He just gives and gives
Jerry and Shannon have a new pet therapy dog, Turbo Pablos. He’s a retired racing greyhound who knows commands in Spanish and English. He loves meeting people at hospitals, nursing homes and schools.
After our beloved pet therapy dog, Sparty, passed, we knew we wanted to get another greyhound. Then we met Turbo Pablos. Like Sparty, he is a retired greyhound. He’s smart, outgoing and knows commands in both English and Spanish. And he, too, is a pet therapy dog. Together, we volunteer at Bronson Pediatric Hematology/Oncology at Bronson Methodist Hospital.

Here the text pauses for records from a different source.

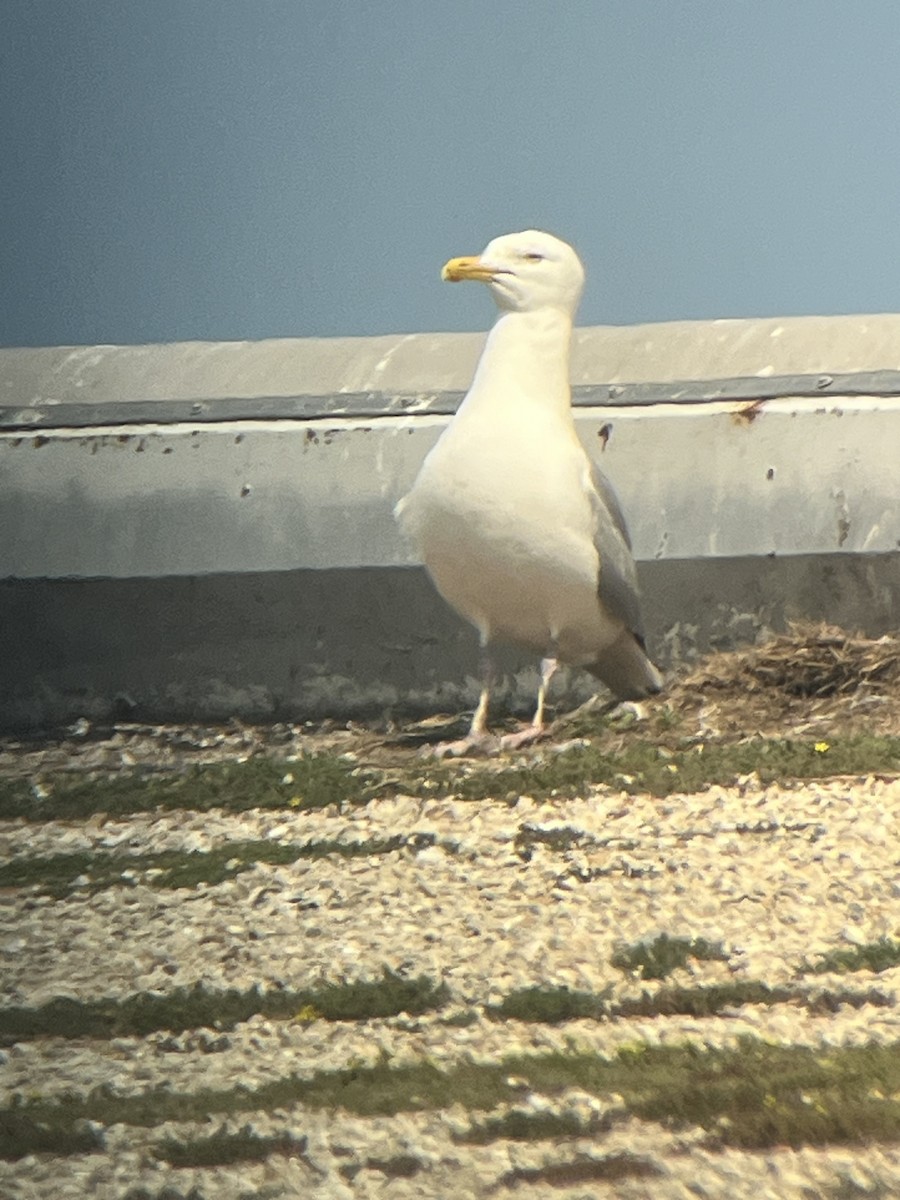 American Herring Gull - ML637573844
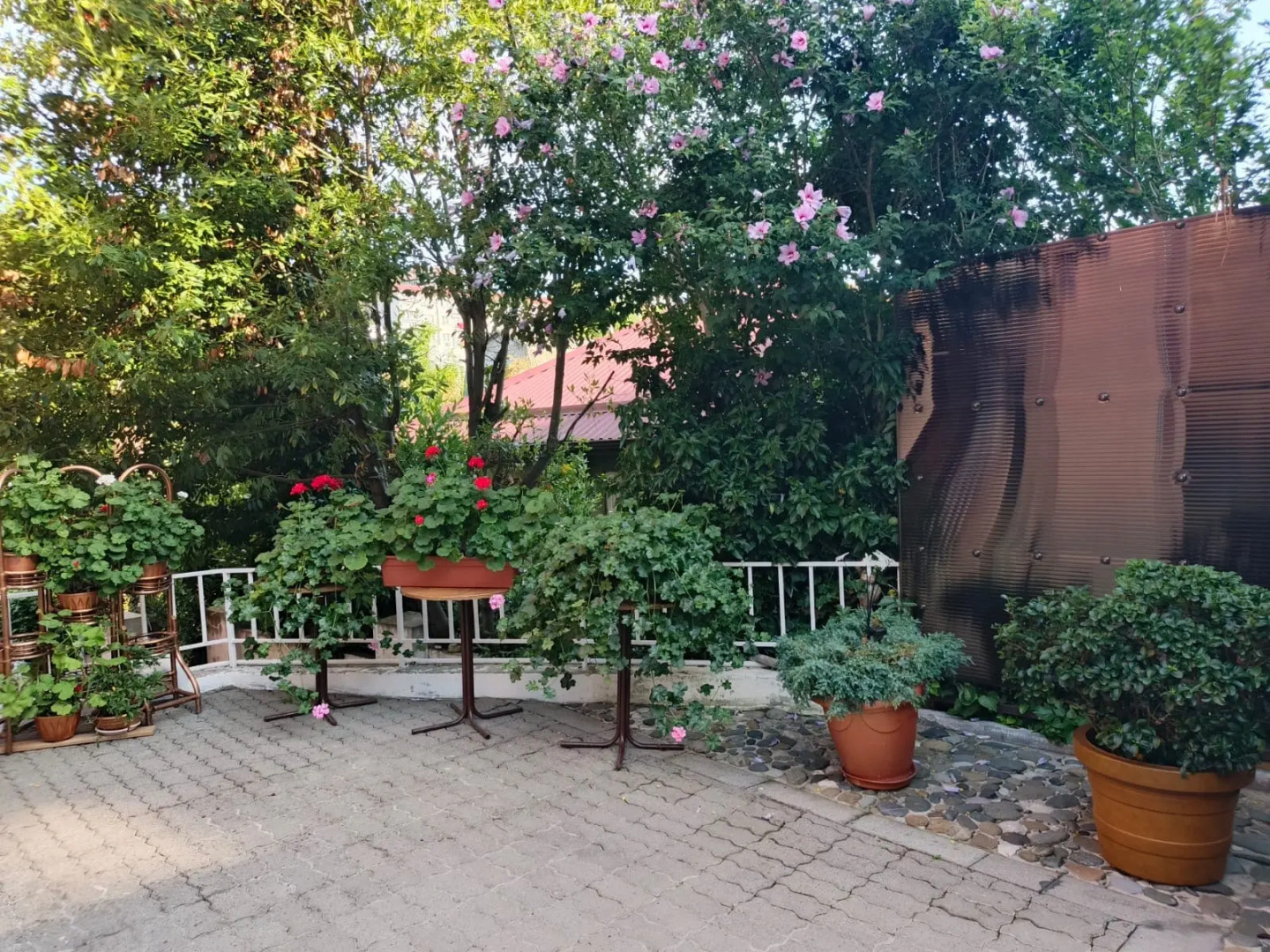 Гостевой дом Бамбуковый Рай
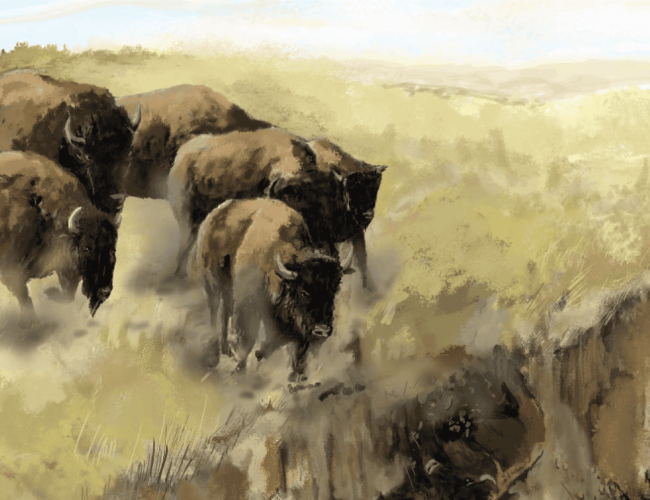 This image is of artwork by Métis artist Jesse Gouchey. It features 5 buffalo moving in a group across a grassy bluff. 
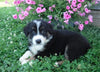 Australian Shepherd For Sale Baltic, OH Male- Max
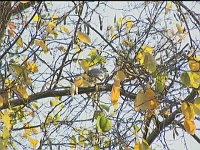 Shikra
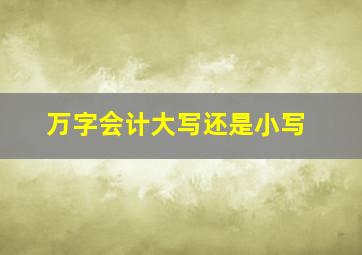 万字会计大写还是小写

With us being retired, it’s our way of giving back. It takes a lot of work and training to get to this point. He needed to pass obedience courses, certification tests. We also had to get approval from the vet and make sure he was up to date on all his shots. And as owners and hospital volunteers, we have to do testing and shots, as well.
Pet therapy gives these dogs a purpose. We say it’s his job, because he needs a job, too. He loves seeing people in the hospital. If he sees a familiar person, it is like he is visiting an extension of his family. It’s very rewarding. It’s nice to see the connection between the dogs and people, and the reactions to his presence: smiles, laughter and conversations. Sometimes pets can make a connection where people can’t. Even when people get emotional and they don’t want to talk to anyone, they can have a meaningful interaction with Turbo Pablos. They just give him affection and he stands there and gives it right back. That reciprocation is pretty special.
But it takes a lot of him, so we watch his time. The dogs give everything they have. Every part of that dog goes into the therapy work; every bit of his love and patience. He loves contact and to lean in and be right up against you. It’s in his personality to want to do this. He just gives and gives.
I can’t say enough good things about pet therapy. More hospitals are getting into it and the nice thing is that we’re here for staff, too, not just patients.
It’s time consuming, but very worthwhile. We always say, we just hold the leash, and the therapy happens at the other end. We get to witness it, and that’s special for us. He rescued us, and he is rescuing many others, too. It never ends.